Task to complete:
Given the entries that follow, write out exactly the lines starting at the one containing "Lumia-1030-front-panel-leaked" and ending at the one containing "Hotel Zen Rooms Basic Gerty's Place Moalboal", both ends included, and only those.

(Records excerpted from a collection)
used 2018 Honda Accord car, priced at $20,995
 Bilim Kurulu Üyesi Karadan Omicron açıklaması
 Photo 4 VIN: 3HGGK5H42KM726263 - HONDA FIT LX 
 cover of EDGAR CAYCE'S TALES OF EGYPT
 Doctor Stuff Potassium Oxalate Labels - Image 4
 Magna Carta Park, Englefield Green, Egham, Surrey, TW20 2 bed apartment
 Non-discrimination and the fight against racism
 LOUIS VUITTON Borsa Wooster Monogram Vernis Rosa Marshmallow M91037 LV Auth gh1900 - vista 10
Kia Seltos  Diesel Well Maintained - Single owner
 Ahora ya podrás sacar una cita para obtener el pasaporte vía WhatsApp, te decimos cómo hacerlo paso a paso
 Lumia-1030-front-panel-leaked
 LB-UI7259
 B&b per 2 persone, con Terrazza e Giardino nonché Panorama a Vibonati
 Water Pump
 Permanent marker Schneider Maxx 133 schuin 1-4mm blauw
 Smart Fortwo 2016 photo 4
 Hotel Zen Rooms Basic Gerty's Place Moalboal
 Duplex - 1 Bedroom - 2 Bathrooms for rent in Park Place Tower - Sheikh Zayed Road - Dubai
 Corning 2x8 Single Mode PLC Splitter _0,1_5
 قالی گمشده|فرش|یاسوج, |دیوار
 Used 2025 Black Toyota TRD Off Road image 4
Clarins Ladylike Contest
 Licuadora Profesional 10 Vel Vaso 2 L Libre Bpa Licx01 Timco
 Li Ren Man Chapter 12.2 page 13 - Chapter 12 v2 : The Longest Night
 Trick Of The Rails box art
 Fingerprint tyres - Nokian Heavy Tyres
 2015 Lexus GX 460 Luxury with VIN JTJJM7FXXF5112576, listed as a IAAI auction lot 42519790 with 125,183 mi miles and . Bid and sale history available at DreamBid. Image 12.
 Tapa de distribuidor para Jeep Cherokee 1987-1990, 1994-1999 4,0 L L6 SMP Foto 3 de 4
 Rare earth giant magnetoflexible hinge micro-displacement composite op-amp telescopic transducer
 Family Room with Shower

Answer area:
 Lumia-1030-front-panel-leaked
 LB-UI7259
 B&b per 2 persone, con Terrazza e Giardino nonché Panorama a Vibonati
 Water Pump
 Permanent marker Schneider Maxx 133 schuin 1-4mm blauw
 Smart Fortwo 2016 photo 4
 Hotel Zen Rooms Basic Gerty's Place Moalboal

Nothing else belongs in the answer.